┌──

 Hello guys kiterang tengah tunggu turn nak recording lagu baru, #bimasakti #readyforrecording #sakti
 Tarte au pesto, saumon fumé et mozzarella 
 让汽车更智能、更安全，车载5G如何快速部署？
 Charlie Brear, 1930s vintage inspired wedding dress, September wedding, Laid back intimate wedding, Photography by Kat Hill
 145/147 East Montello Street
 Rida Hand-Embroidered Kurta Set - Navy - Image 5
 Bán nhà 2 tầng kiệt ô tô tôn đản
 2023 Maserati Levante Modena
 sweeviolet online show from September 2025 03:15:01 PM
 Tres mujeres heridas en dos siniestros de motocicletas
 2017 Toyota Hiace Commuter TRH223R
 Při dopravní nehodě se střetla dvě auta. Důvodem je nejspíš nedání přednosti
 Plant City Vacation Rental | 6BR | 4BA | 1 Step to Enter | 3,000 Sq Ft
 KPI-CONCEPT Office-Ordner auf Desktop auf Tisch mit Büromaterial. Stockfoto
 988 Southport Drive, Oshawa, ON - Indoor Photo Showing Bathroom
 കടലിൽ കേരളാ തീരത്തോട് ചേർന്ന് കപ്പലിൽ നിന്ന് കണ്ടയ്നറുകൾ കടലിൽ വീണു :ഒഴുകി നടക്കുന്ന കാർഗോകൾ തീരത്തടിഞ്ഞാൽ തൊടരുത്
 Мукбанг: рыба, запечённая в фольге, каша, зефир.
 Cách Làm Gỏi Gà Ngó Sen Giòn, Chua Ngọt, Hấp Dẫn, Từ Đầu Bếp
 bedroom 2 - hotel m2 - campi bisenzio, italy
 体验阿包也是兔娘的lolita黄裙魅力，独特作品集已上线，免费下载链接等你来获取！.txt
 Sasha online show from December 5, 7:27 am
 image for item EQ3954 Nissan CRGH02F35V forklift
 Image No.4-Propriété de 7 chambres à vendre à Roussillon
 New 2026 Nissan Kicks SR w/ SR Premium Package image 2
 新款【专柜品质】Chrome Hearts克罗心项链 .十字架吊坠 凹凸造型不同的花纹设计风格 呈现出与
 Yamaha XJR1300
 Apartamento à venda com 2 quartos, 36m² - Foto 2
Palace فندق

└──

- **REQUIREMENT**
Reply with one number only: how many lines of the listing hold "from"?

- **OUTPUT FOR THIS EXERCISE**
2